Strage di Erba, Dopo 12 anni di silenzio Rosa Bazzi torna a parlare in tv. Dal carcere di Bollate, la donna si rivolge alle telecamere delle “Iene”. All’inizio dell’intervista ci sono alcune difficoltà: la signora Bazzi, accusata insieme al marito Olindo della strage di Erba, sostiene di “non essere abituata” e di avere problemi a parlare. Dopo alcune domande, la donna inizia a sciogliersi e dichiara: “Non siamo stati noi due. Non hanno svolto bene il lavoro che hanno fatto”, dice riferendosi alla giustizia italiana.

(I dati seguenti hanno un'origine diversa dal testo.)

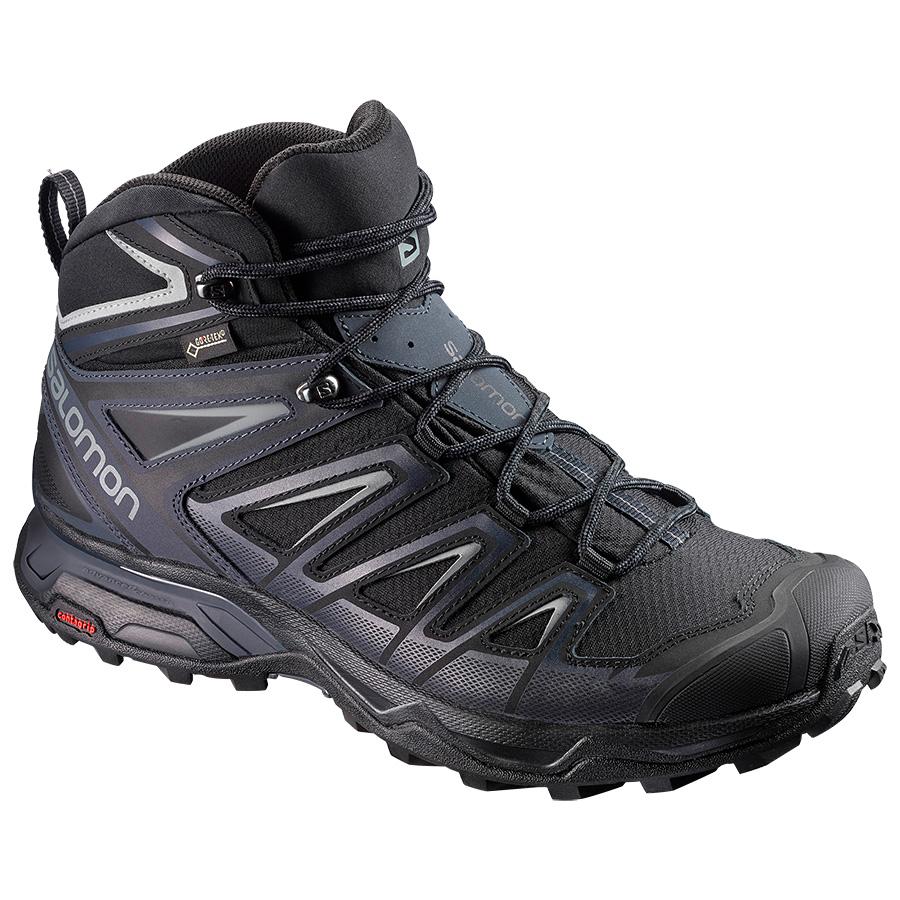 Salomon X-Ultra Mid 3 GTX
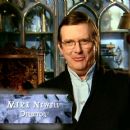 Mike Newell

La donna durante l’intervista aggiunge anche una rivelazione choc, sostenendo di aver visto una “presenza sospetta” nella corte di via Diaz: “Noi non siamo saliti”, dichiara Bazzi. “L’ho detto anche ai carabinieri, che quando siamo usciti abbiamo visto un signore, però loro non ci hanno neanche ascoltato. L’abbiamo detto pure al maresciallo Gallorini”, continua Rosa. “Abbiamo visto un signore, con una borsa in mano, un giaccone e un cappello”, conclude la donna.
Storia della strage
La sera dell’11 dicembre 2006, verso le 20:20, in una vecchia corte ristrutturata al numero 25 di via Diaz a Erba, divampa un incendio all’interno di uno degli appartamenti di una delle palazzine che la compongono (condominio del Ghiaccio). Attirati dal fumo, due vicini di casa, dei quali uno è pompiere volontario, entrano per primi nella palazzina salendo le scale verso il primo piano dove è localizzato l’appartamento in fiamme. A ridosso del pianerottolo trovano un uomo ferito (Mario Frigerio), sdraiato con la testa dentro l’appartamento ed il corpo fuori, il quale viene trascinato per le caviglie nel punto più lontano dal fuoco.

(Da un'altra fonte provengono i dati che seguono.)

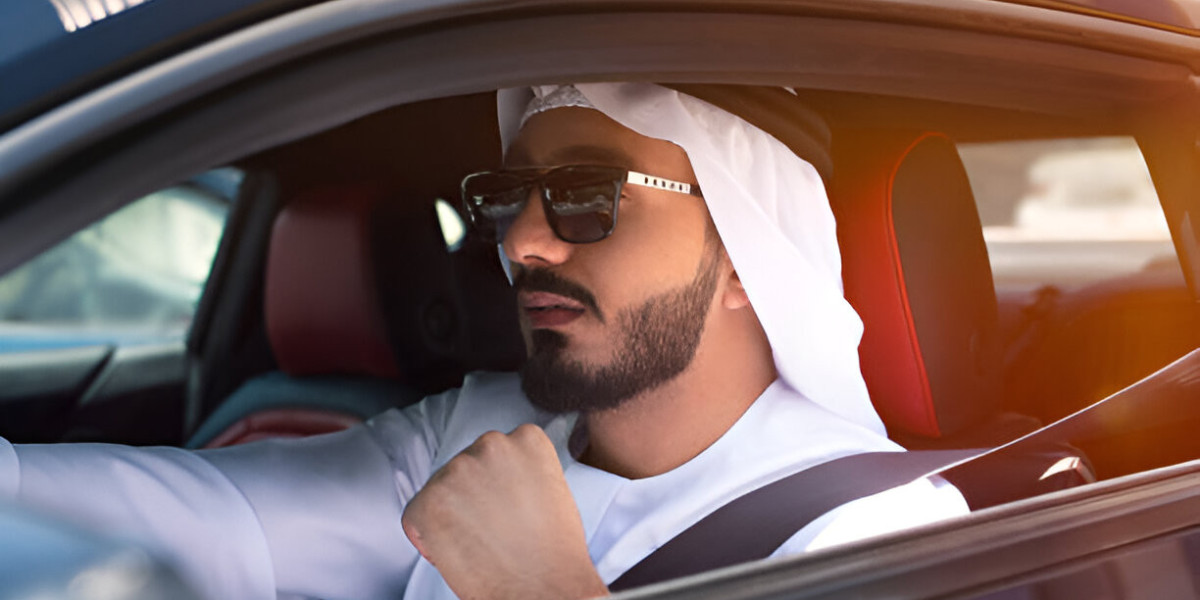 How does Uber operate in Abu Dhabi and Dubai?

La porta dell’abitazione è socchiusa, per cui i soccorritori entrano scoprendo subito il corpo senza vita e in fiamme di una donna (Raffaella Castagna). I primi soccorritori trasportano il corpo della donna, sempre prendendolo per la caviglie, sul pianerottolo, spegnendo le fiamme che lo avvolgono, e cercano quindi di “rinfrancare” il ferito. Dal piano superiore possono udire la richiesta di aiuto di una voce femminile. Mario Frigerio indica a gesti per due volte al soccorritore (avendo gravi ferite al collo che gli impediscono di parlare) che un’altra persona si trova di sopra.
Ma il fumo si fa sempre più denso e questi primi soccorritori devono abbandonare gli ambienti, pur sapendo che Raffaella Castagna ha un bambino e che nell’appartamento di sopra vi è una donna che invoca aiuto. Dopo l’arrivo dei Vigili del Fuoco di Erba che riescono a domare l’incendio, vengono scoperti in totale quattro corpi senza vita e un sopravvissuto, appunto Mario Frigerio, gravemente ferito, che viene trasportato d’urgenza all’Ospedale Sant’Anna di Como dove viene sottoposto a diversi interventi. Si risveglia dall’anestesia due giorni dopo.
Raffaella Castagna, di trent’anni, disoccupata – (ma volontaria in una comunità di assistenza a persone disabili), venne aggredita e colpita ripetutamente con una spranga e morì a causa di una frattura cranica, venne anche accoltellata 12 volte e poi sgozzata; all’interno dell’appartamento, nel corridoio prospiciente la camera del nipote, venne uccisa anche Paola Galli (60 anni), casalinga, madre di Raffaella, colpita da coltellate e sprangate e morta per una frattura cranica; il bambino invece morì dissanguato sul divano, dopo aver ricevuto un unico colpo alla gola che recise l’arteria carotidea.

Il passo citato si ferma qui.